Come yesterday morning I totally didn't expect him to call. I was quite convinced that he wouldn't. Suprise suprise, my cell rings at 12:30. We chat for a moment and he tells me he has a cold. And I think, there we go, he's going to beg off. But no, he wants to know if I'm still up for a drink in the evening. He says he'll call me when he gets off work. 5pm, he calls again and says he'll meet me at 7:30. And he does. And it's okay.

I guess distance isn't a bad thing. Some time apart seems to have been good for us. We had the most honest conversation we've had in a long time, without it being all weird and emotional. We talked about how he scrutizes my emails, trying to read between the lines, and feels like he has to be so careful with every word he says back. I told him that was silly and I really wished he would just say what he thought or felt.

He was also honest, for the first time really, about his life right now and the choices he's made and why. We talked about safety and fear. Some of it was stuff I've really needed to hear him say for a long time. It made me able to say I understood his choices, but I also added that I didn't believe I was in his life to just let him sit back and be safe and careful and fearful all the time. I said that I believe one of the things that has drawn us to each other since the beginning and been a foundation of our friendship is that we see each other in ways others don't and are both good at calling each other on bullshit. He does it to me all the time.

He did it last night. I was moaning about the night T had Natascha over for dinner, and how I felt left out and how I was insecure and thought everyone finds her more interesting than they do me. A few minutes later, he said "Wait, I want to go back on something you said. I can't believe that you think N is more interesting than you are. You can't really believe that. You're one of the most interesting women I've ever met." I said "That just because I'm crazy" and he laughed and said "No it's not. You are crazy sometimes, and believe me, that I could live without, but don't put yourself down that way. You're interesting and you know it". See, good bullshit calling.
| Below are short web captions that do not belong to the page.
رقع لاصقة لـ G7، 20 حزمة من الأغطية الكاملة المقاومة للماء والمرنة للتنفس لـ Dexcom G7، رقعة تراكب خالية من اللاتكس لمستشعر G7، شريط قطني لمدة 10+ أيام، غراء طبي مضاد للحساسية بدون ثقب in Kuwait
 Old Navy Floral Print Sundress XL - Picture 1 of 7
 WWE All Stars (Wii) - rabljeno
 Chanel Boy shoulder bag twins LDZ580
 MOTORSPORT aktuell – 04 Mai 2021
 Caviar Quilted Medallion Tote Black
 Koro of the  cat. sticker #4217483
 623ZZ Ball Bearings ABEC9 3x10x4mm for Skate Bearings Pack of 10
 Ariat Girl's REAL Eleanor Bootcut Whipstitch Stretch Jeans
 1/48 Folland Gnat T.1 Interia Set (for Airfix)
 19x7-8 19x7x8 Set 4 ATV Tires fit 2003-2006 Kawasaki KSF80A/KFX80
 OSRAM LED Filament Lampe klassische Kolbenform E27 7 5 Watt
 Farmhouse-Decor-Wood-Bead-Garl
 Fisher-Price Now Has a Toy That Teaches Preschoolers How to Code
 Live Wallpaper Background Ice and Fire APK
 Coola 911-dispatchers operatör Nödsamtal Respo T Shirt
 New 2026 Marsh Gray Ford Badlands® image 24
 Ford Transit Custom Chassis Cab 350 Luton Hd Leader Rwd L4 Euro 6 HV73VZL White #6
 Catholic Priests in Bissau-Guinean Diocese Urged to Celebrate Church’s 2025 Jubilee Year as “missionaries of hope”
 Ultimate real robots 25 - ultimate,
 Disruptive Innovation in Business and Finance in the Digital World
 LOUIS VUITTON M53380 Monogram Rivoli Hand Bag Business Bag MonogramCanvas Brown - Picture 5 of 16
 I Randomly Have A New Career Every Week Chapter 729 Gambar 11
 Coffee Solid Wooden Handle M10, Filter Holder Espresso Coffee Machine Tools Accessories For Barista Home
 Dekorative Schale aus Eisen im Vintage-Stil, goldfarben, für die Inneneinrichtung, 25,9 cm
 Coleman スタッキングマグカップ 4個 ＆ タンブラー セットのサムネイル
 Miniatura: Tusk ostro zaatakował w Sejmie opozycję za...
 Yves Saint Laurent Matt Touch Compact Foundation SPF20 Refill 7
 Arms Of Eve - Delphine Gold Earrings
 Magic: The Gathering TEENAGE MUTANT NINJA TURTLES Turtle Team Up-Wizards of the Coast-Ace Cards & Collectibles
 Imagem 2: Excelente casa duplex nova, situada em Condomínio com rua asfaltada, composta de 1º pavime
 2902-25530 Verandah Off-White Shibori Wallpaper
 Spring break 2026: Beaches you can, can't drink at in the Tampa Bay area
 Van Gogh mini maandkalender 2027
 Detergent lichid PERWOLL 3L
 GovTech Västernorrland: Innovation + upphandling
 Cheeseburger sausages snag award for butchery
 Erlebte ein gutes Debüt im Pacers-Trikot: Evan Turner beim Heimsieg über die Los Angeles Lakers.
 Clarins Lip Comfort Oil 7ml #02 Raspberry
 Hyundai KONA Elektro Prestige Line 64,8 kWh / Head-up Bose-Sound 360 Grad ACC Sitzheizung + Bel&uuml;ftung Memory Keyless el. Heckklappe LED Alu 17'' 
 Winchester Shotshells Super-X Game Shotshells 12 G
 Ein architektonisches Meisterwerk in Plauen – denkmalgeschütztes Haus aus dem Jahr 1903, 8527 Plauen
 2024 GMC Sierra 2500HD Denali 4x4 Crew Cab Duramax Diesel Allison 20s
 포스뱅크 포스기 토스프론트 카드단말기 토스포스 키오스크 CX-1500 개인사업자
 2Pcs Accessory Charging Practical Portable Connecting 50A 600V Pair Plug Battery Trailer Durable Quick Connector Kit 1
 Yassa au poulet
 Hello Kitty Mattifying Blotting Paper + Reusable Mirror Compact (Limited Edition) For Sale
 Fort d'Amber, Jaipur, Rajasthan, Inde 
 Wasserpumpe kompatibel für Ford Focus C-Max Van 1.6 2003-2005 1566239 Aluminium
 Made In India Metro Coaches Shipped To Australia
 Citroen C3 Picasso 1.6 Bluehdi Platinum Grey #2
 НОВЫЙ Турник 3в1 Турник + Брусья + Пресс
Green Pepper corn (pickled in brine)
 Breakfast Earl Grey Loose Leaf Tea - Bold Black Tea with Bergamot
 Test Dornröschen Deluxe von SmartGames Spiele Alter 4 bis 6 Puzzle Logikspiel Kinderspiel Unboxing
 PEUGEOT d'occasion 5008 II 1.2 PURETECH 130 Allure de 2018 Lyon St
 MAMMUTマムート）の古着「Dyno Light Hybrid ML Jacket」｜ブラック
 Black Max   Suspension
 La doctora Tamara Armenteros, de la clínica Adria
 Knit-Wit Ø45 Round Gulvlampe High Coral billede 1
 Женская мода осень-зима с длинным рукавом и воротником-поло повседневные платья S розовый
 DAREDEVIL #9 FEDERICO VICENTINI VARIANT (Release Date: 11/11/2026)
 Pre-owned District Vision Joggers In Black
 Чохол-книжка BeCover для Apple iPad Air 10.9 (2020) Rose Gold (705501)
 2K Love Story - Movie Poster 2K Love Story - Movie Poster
I told him that I wasn't ever going to be the freind who let him get away with making choices out of fear, or at least not owning them and being honest about them.

Right around this point, Cam the Conversation Killer say down with us, so we quickly paid up and left. He came and sat in my car while I played him my favorite Carolyn Mark song and we had a good laugh and then he left and we both went home and I felt good about the evening fof the first time in a long time.

And I was still home in time to dye my hair before bed. It's now a lovely shade of Cherry Black, which I haven't done in about 5 years. I like it.

In other news, I have to go give shit to two members of my staff this afternoon. I so thought that shit was over when the Business Manager left last spring, but apparently these two a dedicated to keeping her memory (and passive-aggressive tendancies) alive and well. But no more! I'm going to be a lot tougher this year. I'm tired of the bullshit. Yay me!